**Instructions to follow:** Restate all the lines below word for word, but omit the pictures.

**Recorded data:**
______________________________

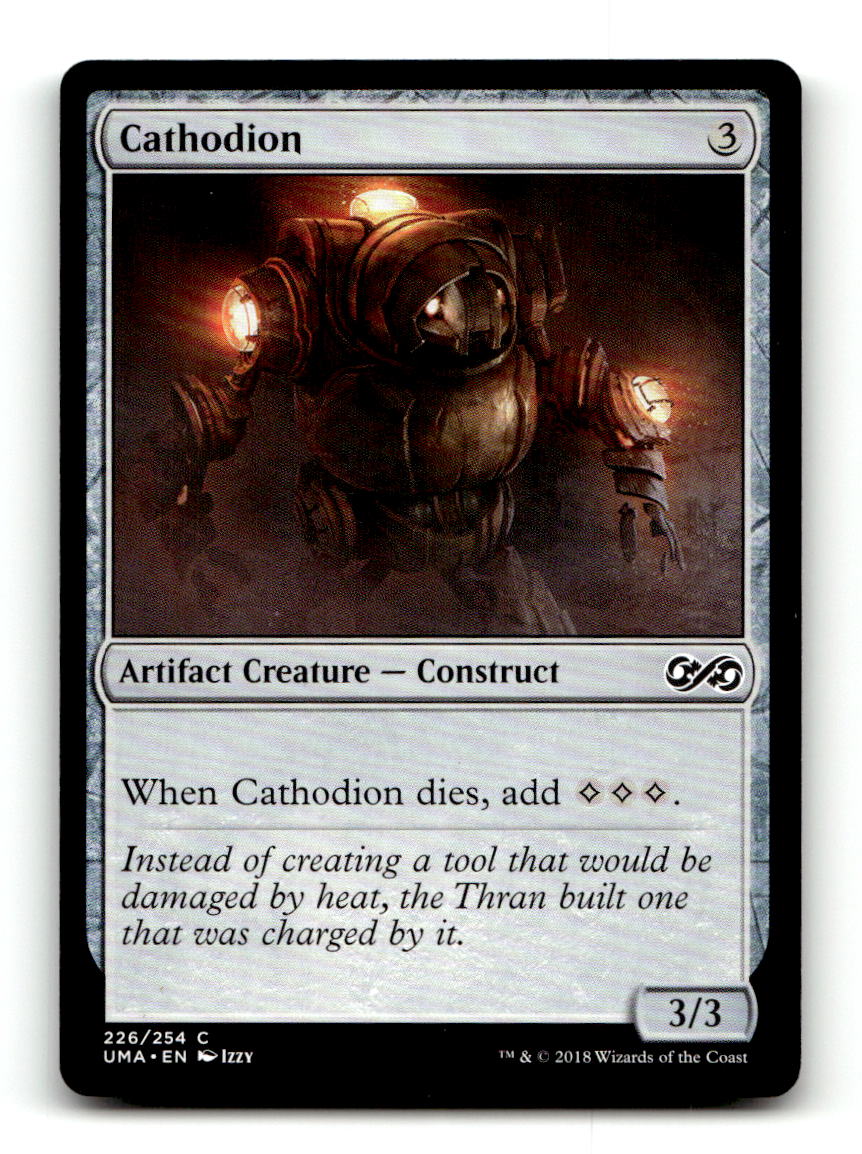 Cathodion [UMA - 226] NM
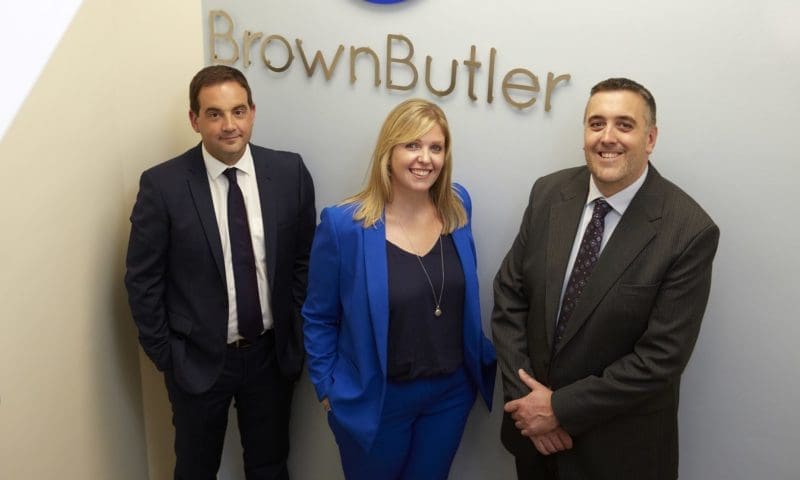 Brown Butler appoints new finance director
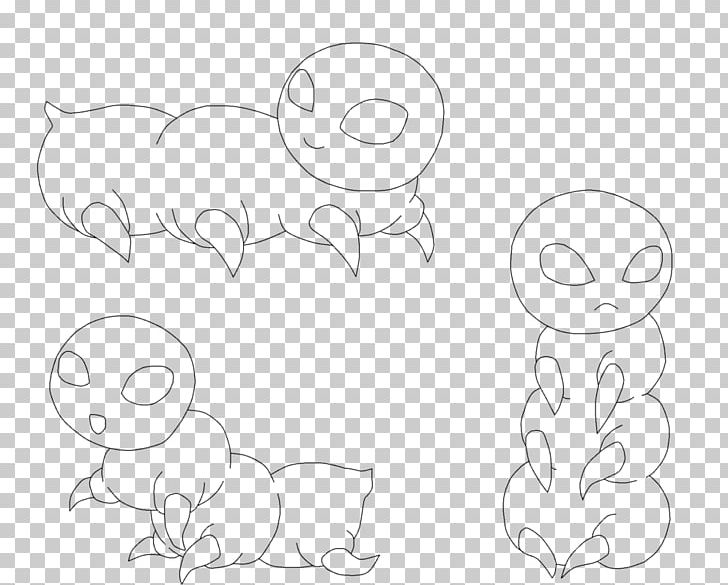 Line Art Carnivora Cartoon Sketch PNG, Clipart, Angle, Area, Artwork, Black, Black And White Free PNG Download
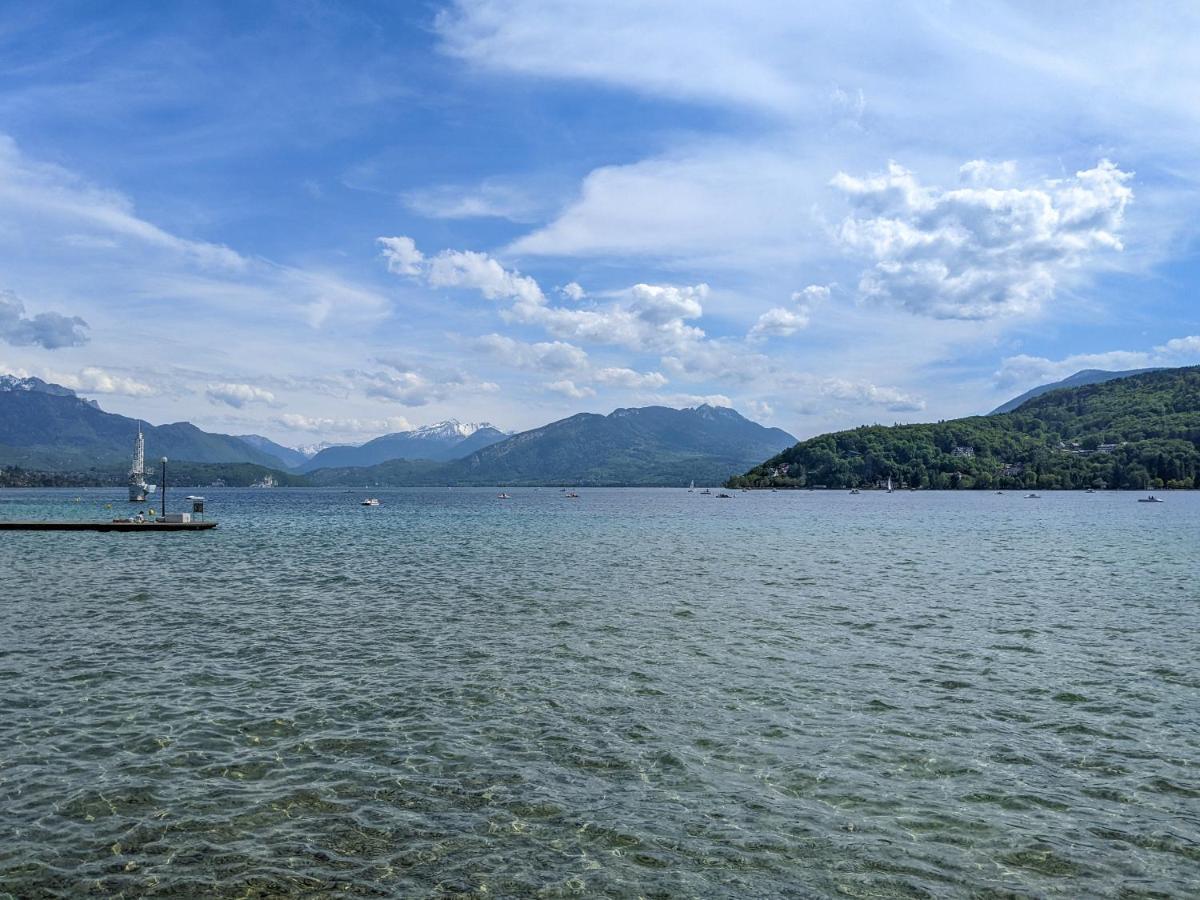 Chez Lou Appartement Proche Du Lac Moderne Annecy Extérieur photo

______________________________

**Finished task:**
 Cathodion [UMA - 226] NM
 Brown Butler appoints new finance director
 Line Art Carnivora Cartoon Sketch PNG, Clipart, Angle, Area, Artwork, Black, Black And White Free PNG Download
 Chez Lou Appartement Proche Du Lac Moderne Annecy Extérieur photo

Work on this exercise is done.